» Exercise
Extract the whole listing as it stands. Do not include the pictures.

» Data to examine
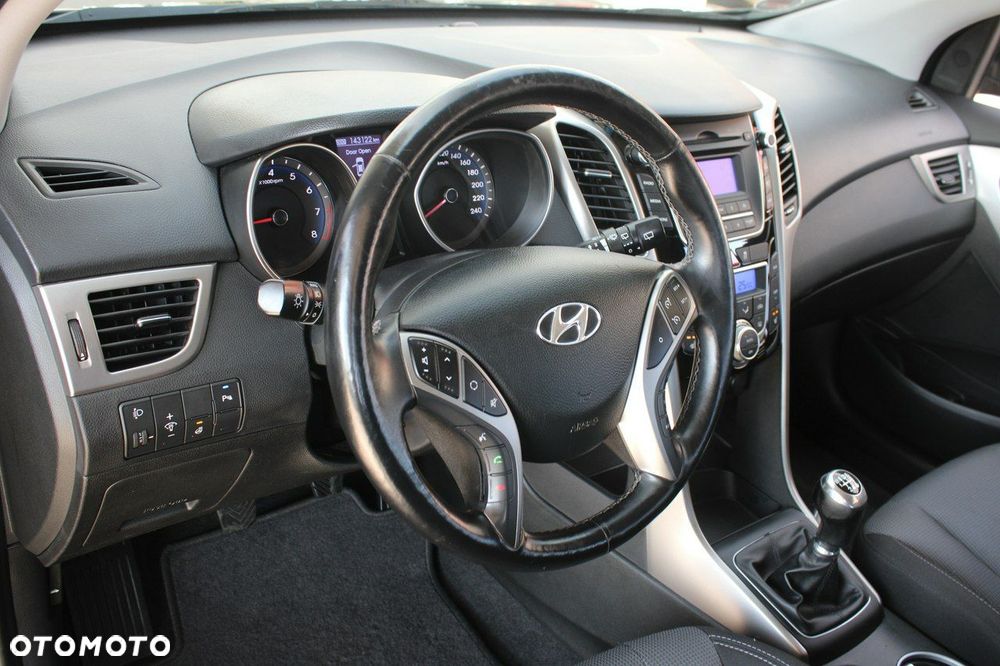 Hyundai i30 1.6 Premium - 24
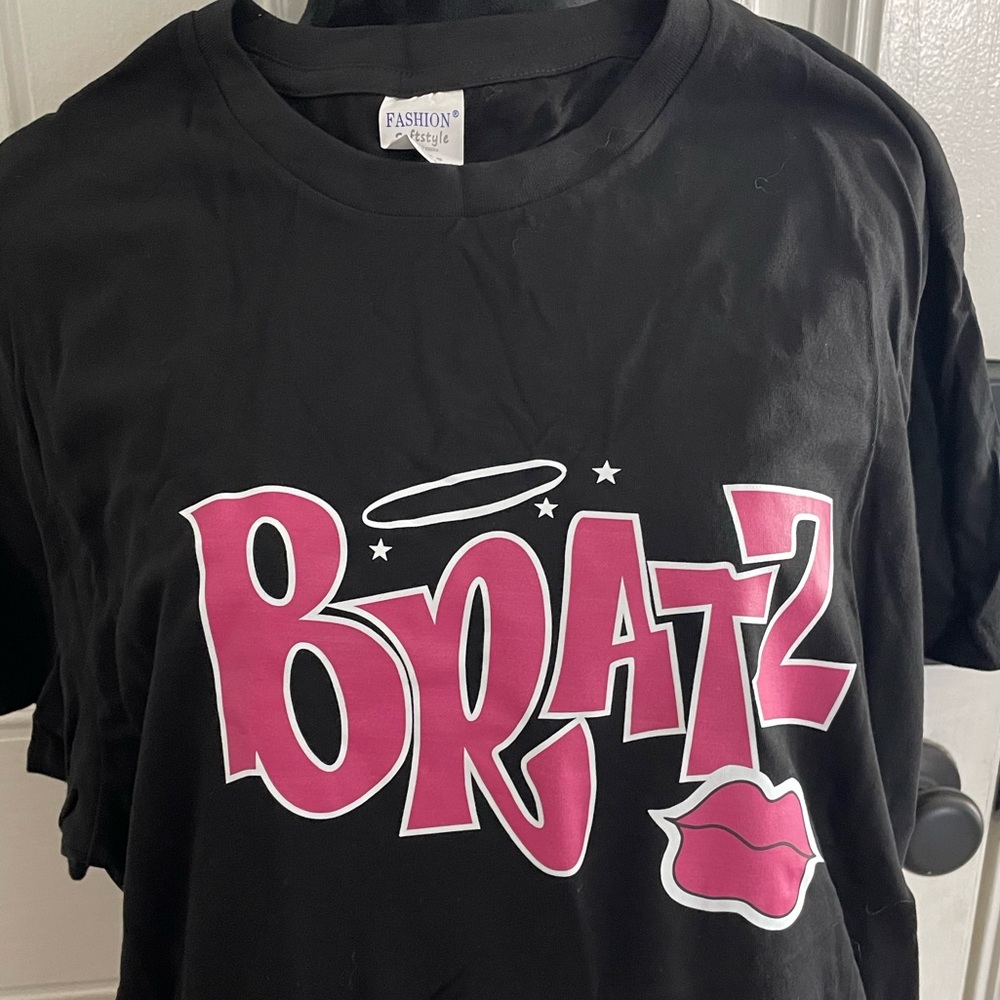 BRATZ Graphic Tee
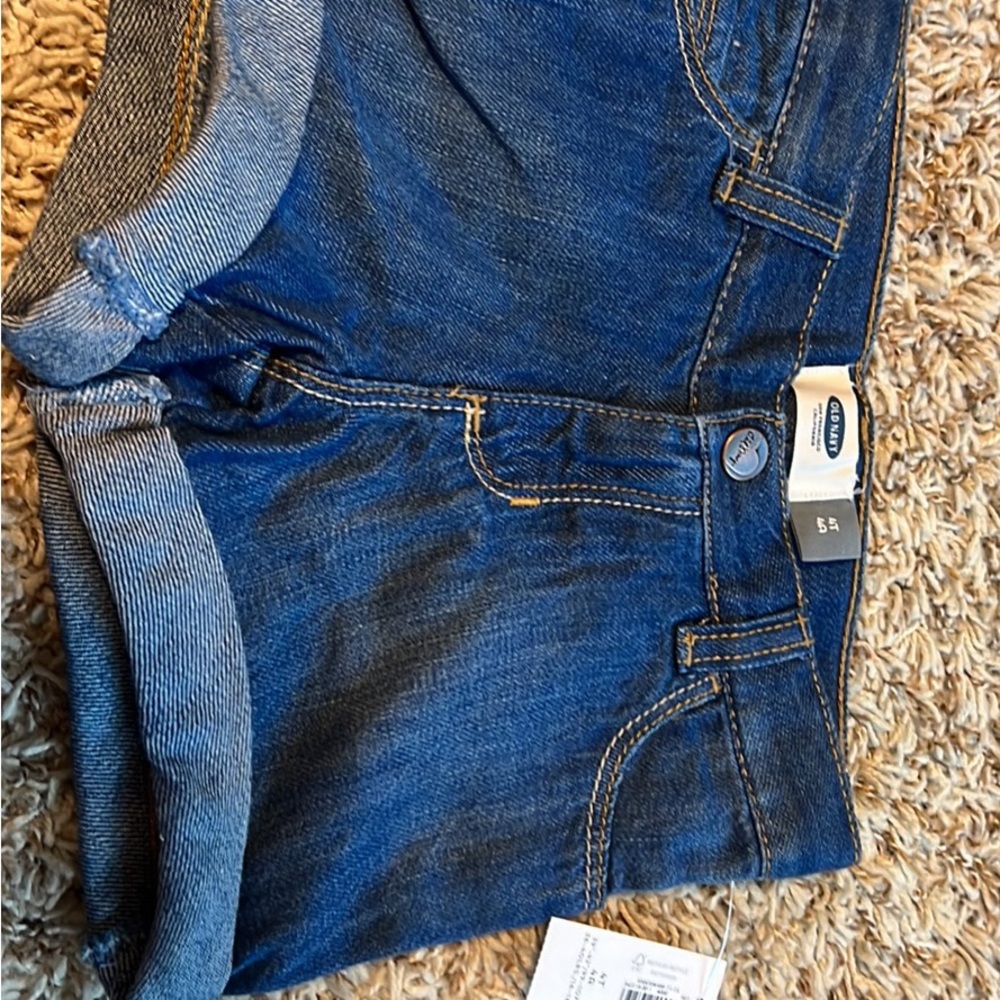 Toddler shorts 4T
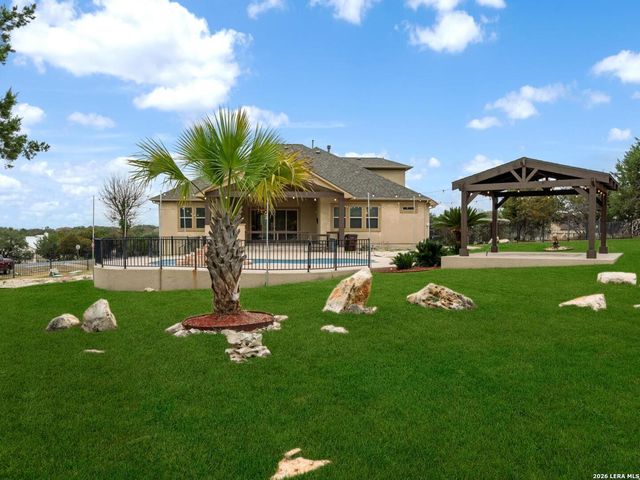 1008 Spanish Trl, New Braunfels, TX 78132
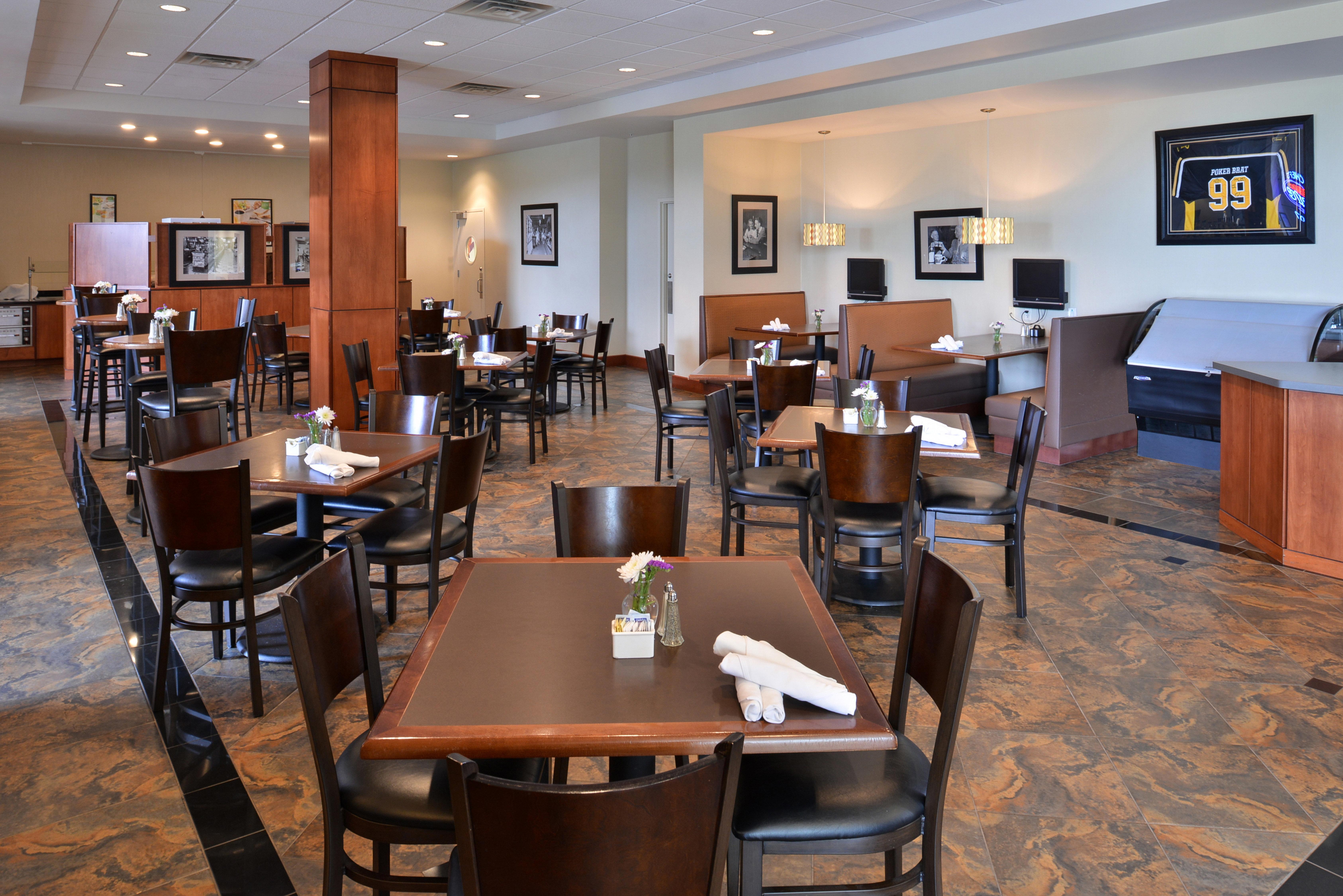 Holiday Inn Madison At The American Center By Ihg Экстерьер фото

» Answer to the problem
 Hyundai i30 1.6 Premium - 24
 BRATZ Graphic Tee
 Toddler shorts 4T
 1008 Spanish Trl, New Braunfels, TX 78132
 Holiday Inn Madison At The American Center By Ihg Экстерьер фото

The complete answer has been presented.